[Opening Input section]

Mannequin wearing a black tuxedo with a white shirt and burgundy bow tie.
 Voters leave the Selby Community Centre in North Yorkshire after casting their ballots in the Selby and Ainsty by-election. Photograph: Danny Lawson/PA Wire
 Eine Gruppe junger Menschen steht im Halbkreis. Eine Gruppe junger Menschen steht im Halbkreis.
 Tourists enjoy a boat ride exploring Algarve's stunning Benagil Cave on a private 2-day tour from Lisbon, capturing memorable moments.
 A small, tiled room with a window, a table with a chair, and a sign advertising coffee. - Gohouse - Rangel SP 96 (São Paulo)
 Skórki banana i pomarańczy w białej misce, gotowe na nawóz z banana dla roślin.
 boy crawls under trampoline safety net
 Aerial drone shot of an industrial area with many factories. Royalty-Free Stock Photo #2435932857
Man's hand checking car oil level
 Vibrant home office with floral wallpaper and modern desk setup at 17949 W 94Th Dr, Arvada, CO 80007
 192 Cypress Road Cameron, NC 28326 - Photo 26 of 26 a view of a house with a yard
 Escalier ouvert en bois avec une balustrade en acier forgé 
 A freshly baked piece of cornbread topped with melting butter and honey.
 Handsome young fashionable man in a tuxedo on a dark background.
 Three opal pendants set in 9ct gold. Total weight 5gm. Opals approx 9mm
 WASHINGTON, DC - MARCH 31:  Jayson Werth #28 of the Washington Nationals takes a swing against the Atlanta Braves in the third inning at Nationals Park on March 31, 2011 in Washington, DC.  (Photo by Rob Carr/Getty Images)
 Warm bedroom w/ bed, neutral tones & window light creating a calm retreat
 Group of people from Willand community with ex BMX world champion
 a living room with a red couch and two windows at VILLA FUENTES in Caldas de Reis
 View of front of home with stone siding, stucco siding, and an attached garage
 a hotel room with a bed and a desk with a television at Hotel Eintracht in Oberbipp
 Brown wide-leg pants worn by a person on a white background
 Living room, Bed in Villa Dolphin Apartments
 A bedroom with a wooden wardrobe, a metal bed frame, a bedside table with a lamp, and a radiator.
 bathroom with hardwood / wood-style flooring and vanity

[Closing Input section]

## Task requirements
Only a number is wanted here: how many lines in the entries contain the word "background"?

## Result of the exercise
2